### WHAT IS NEEDED:
Each record should reappear exactly in your answer, minus any picture.

### DATA EXTRACT:
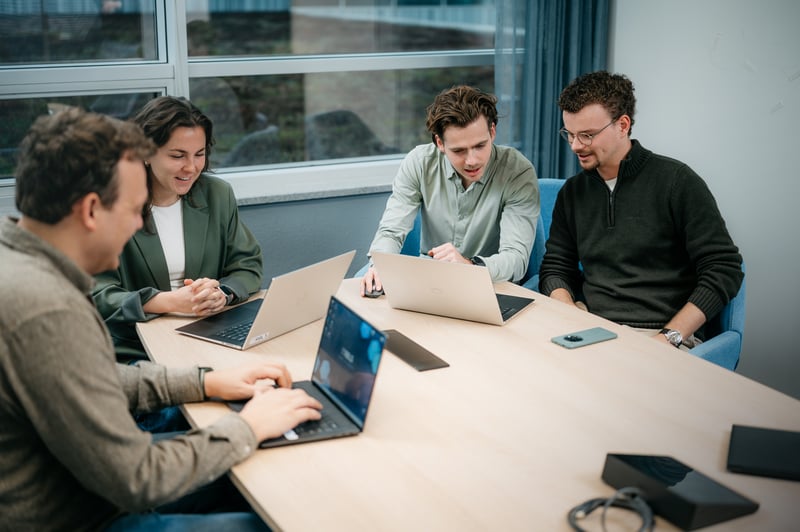 Samenwerken in een vergaderruimte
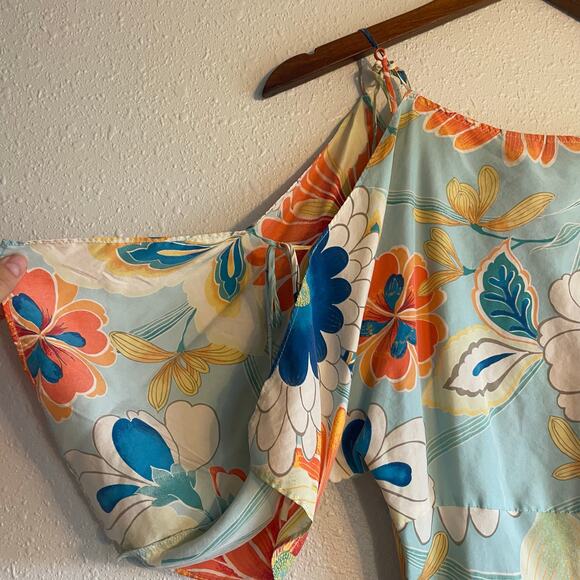 Express Chic Maximal Silk Spring Summer Cutout Top - Picture 6 of 6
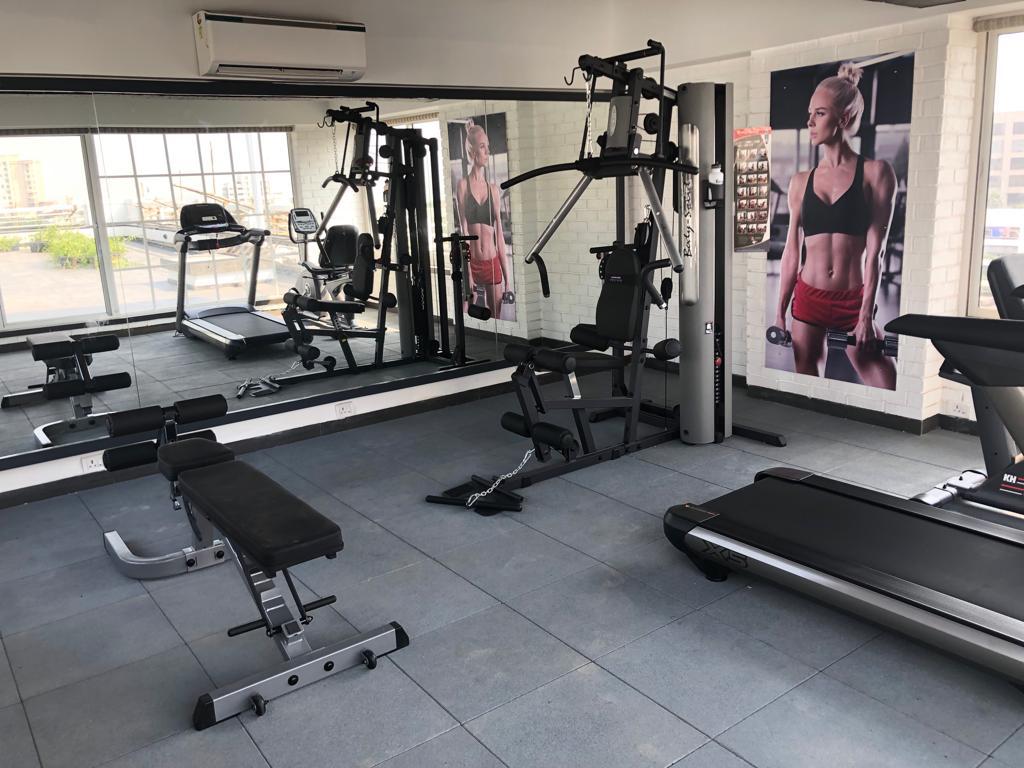 Windsor Apartments — Bandra West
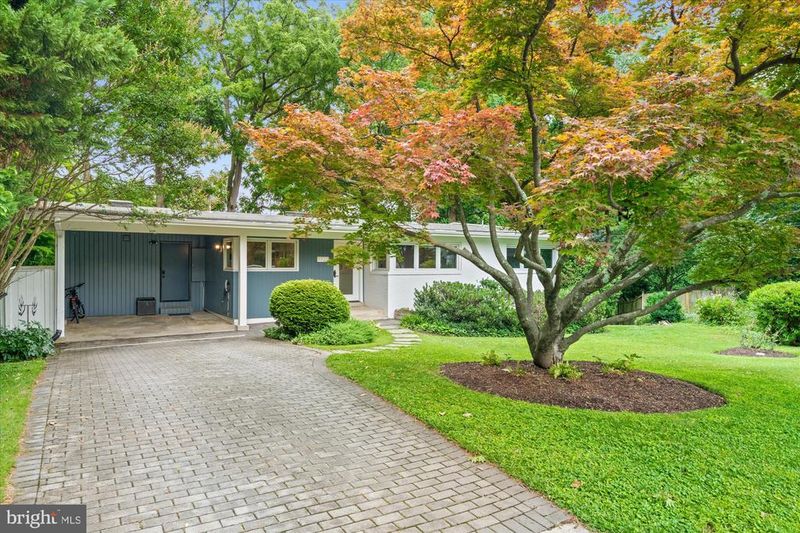 7727 Rocton Ave, Chevy Chase, MD 20815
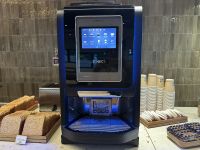 Frühstücksbüffet im Hotel Paxton - Kaffeeautomat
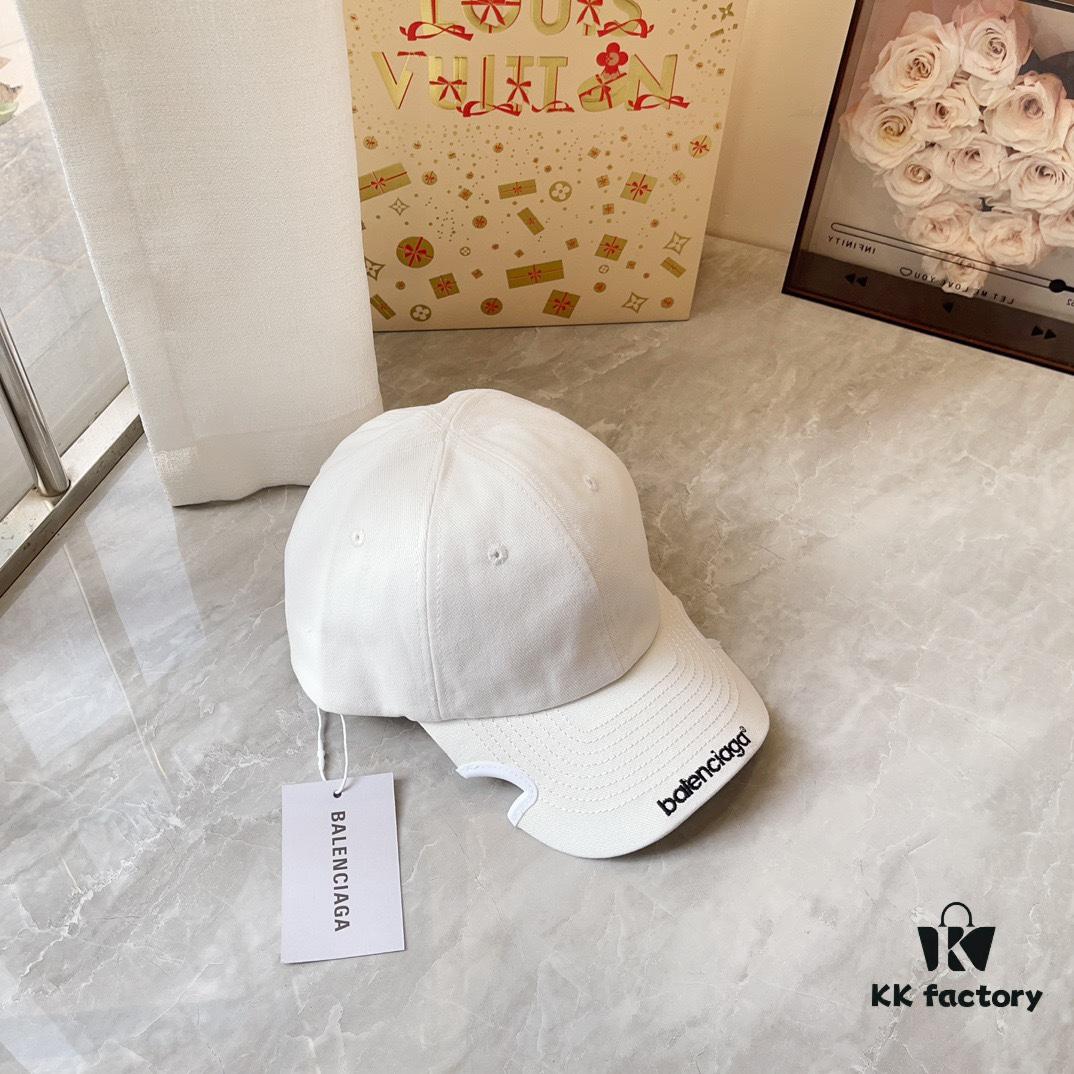 Balencia ~ New Style Cut-out Baseball Cap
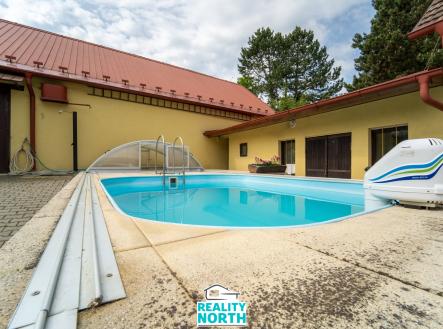 17 | Prodej - dům/vila, 386 m²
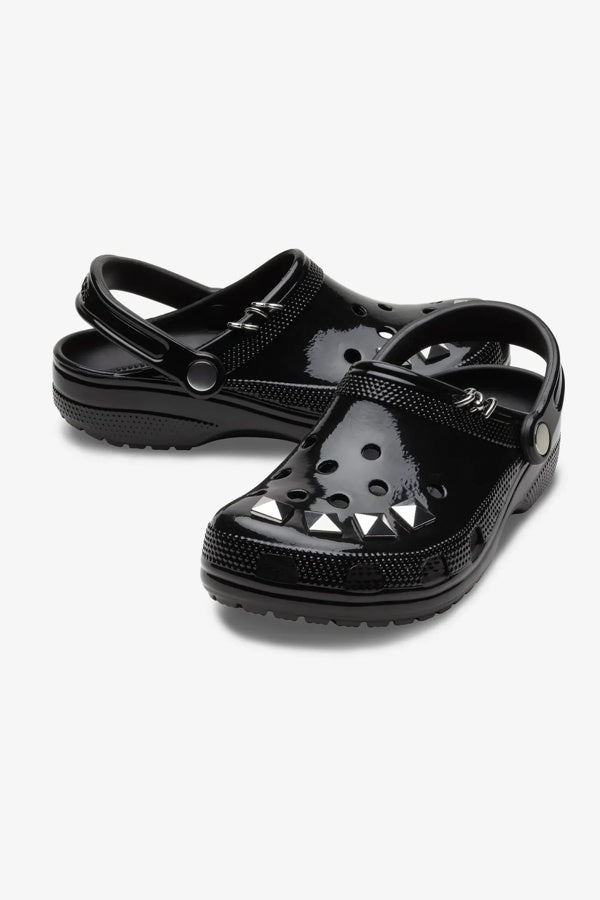 כפכפי קרוקס Classic Studded Clog לנשים בצבע שחור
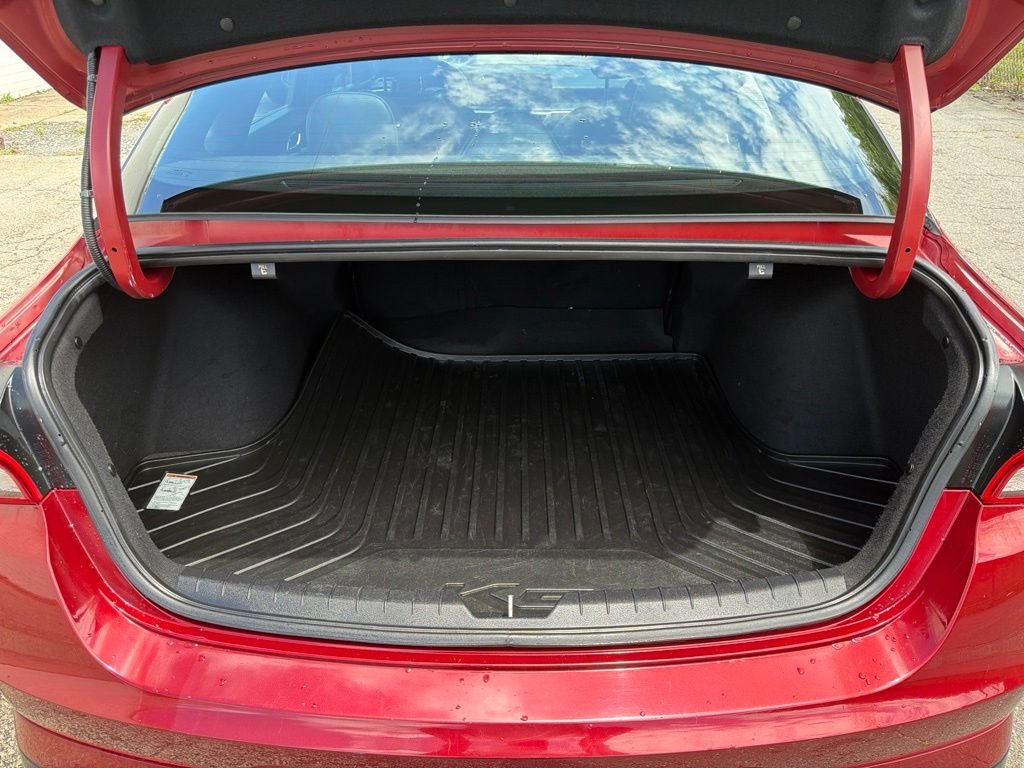 Used 2022 Red Kia GT-Line image 14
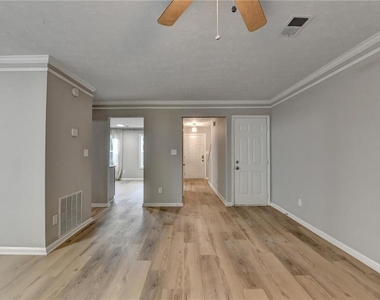3876 Meadow Creek Drive - Photo Thumbnail 12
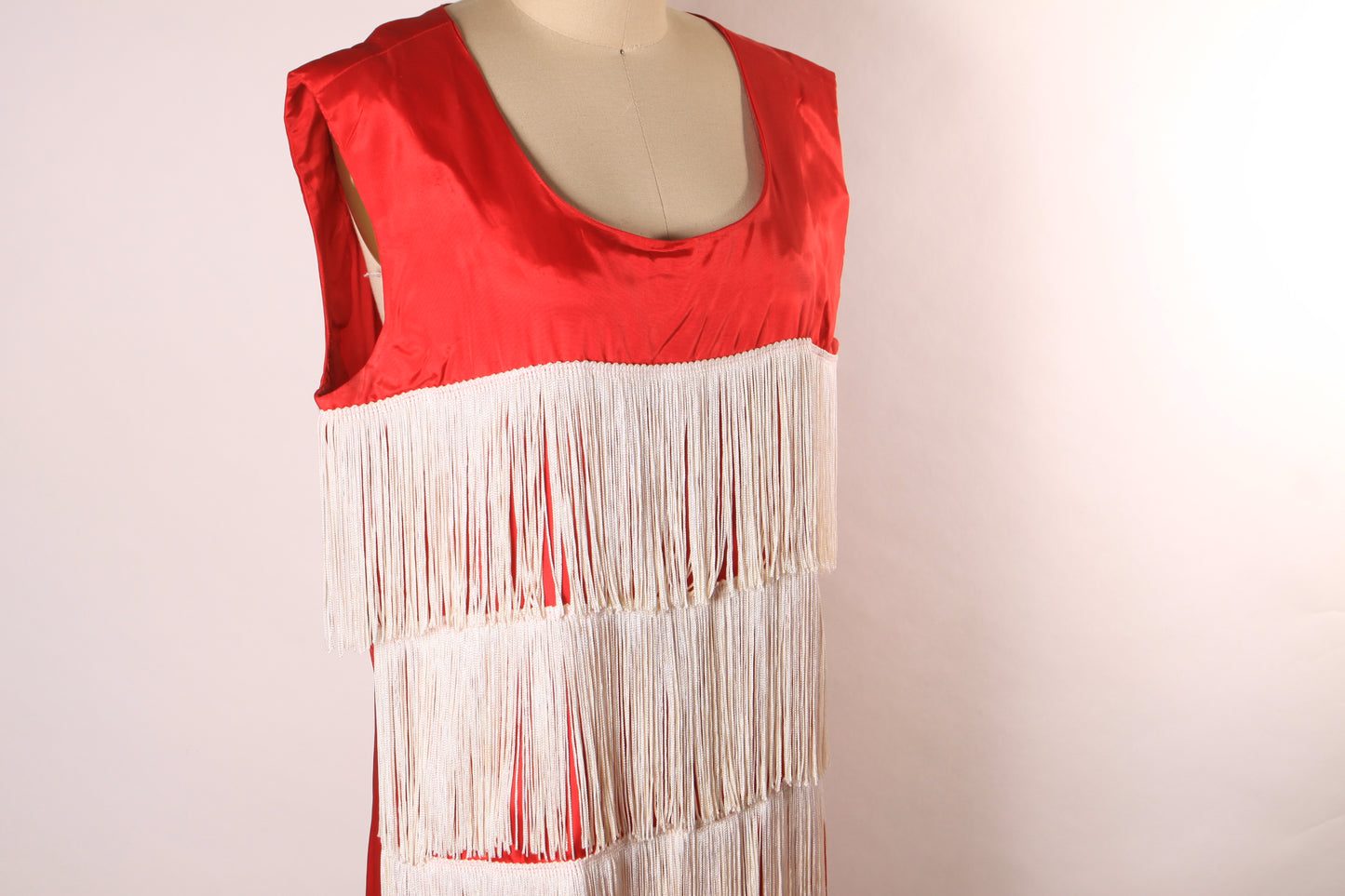 1960s Does 1920s Red and White Fringe Sleeveless Flapper Style Costume Dress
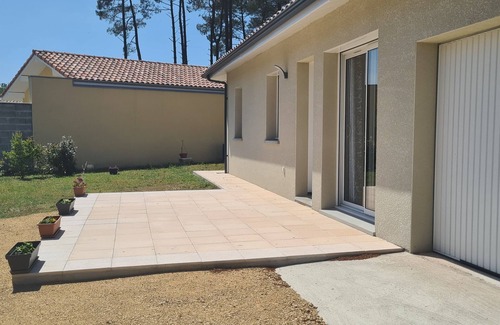 Linxe House | 2 Bedroom Detached House Linxe Close to Amenities and Ocean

### ANSWER BELOW:
 Samenwerken in een vergaderruimte
 Express Chic Maximal Silk Spring Summer Cutout Top - Picture 6 of 6
 Windsor Apartments — Bandra West
 7727 Rocton Ave, Chevy Chase, MD 20815
 Frühstücksbüffet im Hotel Paxton - Kaffeeautomat
 Balencia ~ New Style Cut-out Baseball Cap
 17 | Prodej - dům/vila, 386 m²
 כפכפי קרוקס Classic Studded Clog לנשים בצבע שחור
 Used 2022 Red Kia GT-Line image 14
3876 Meadow Creek Drive - Photo Thumbnail 12
 1960s Does 1920s Red and White Fringe Sleeveless Flapper Style Costume Dress
 Linxe House | 2 Bedroom Detached House Linxe Close to Amenities and Ocean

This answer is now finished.